The recommendations for the encoding of danda characters are parallel but somewhat distinct in the case of already encoded scripts and for new scripts not yet encoded. For clarity, these recommendations are written out completely for each case.

A. For currently encoded scripts

1. If the orthographies using the existing script do not make use of dandas, do not encode any script-specific dandas for it. Example: Sinhala

2. If the orthographies using the existing script do make use of dandas, and there are already encoded script-specific dandas, use those dandas in the context of that script. List: Tibetan, Myanmar, Khmer, Balinese, Phags-pa, Lepcha, Ol-Chiki, Saurashtra, Kayah Li, Cham

3. If the orthographies using the existing script do make use of dandas, and there are no script-specific dandas already encoded, then a clear determination should be made between one of several possible alternatives. And to ensure the stable representation of text, that determination, once made, should not be reversed. The options are:

a. Specify the use of particular, already-encoded dandas from another block in the standard.

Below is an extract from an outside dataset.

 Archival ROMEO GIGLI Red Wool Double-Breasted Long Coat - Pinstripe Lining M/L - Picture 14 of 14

b. Encode new, script-specific dandas for use with the existing script.

c. If and only if it can be demonstrated that orthographies using the existing script have a plain text contrastive use between two types of dandas, a combination of option a) and option b), to represent the distinction.

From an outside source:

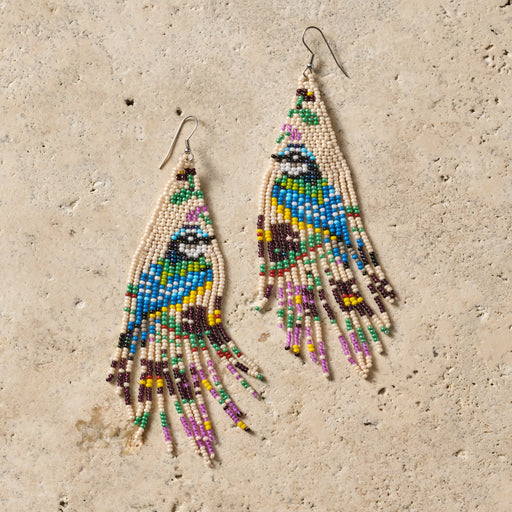 Beaded Bird Fringe Earrings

To change existing practice, there should be demonstrable evidence that there is a need to change. Once the final determination is made, the recommendations should be clearly documented and not changed in the future.

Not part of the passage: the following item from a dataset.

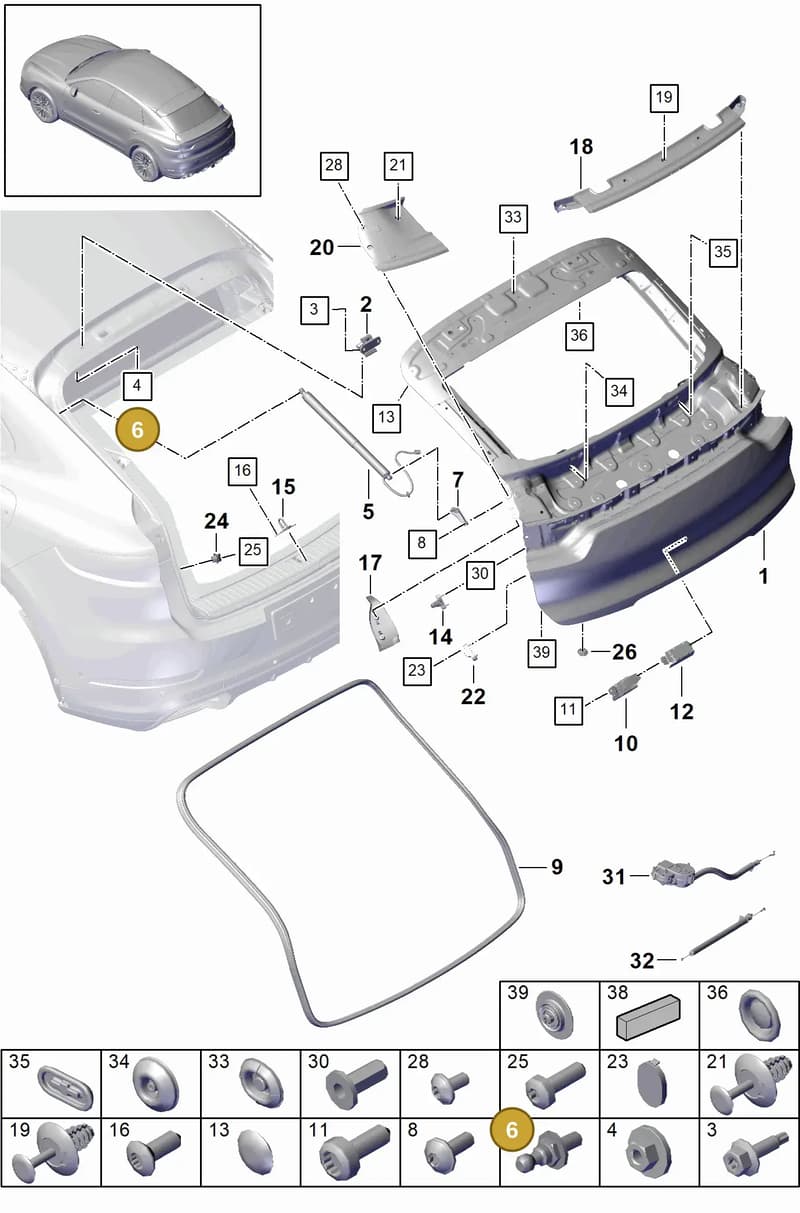 PAB955993 — Porsche Cayenne (2017-2023) diagram p51803015, position 6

Existing practice is as follows:

a. Use of already-encoded dandas from another block:

1735/1736: Tagalog, Buhid, Tagbanwa; and Hanunoo itself.

0964/0965: Bengali, Gurmukhi, Gujarati, Oriya, Syloti Nagri, Tamil, Telugu, Kannada, Malayalam; and Devanagari itself.

Existing practice notwithstanding, the existence of the use of dandas in orthographies for one of these scripts might be taken as supporting a determination 3b) for that script, i.e., encoding of script-specific dandas for the script, if evidence of formal difference is persuasive.

Note that use of dandas is not usual for South Indian scripts (Tamil, Telugu, Kannada, Malayalam), but is seen for Sanskrit texts rendered in those scripts (and Tamil Grantha).

Note that contrastive use of dandas is reported for the Bengali script, which should be taken into account for determining whether a 3c) decision is appropriate for that particular script.

B. For proposed new encoding of formerly unencoded scripts

1. If the orthographies using the proposed script do not make use of dandas, do not encode any script-specific dandas for it.

2. If the orthographies using the proposed script do make use of dandas, then a clear determination should be made between one of several possible alternatives. And to ensure the stable representation of text, that determination, once made, should not be reversed. The options are:

a. Specify the use of particular, already-encoded dandas from another block in the standard.

b. Encode new, script-specific dandas for use with the proposed script.

c. If and only if it can be demonstrated that orthographies using the proposed script have a plain text contrastive use between two types of dandas, a combination of option a) and option b), to represent the distinction.

The existence of the use of dandas in orthographies for a script proposed for encoding is generally taken as sufficient to justify a determination 3b), i.e., encoding of script-specific dandas for the script. However, there may be considerations that would favor determination 3a) instead. In any case, the determination must be made when the script is approved for encoding.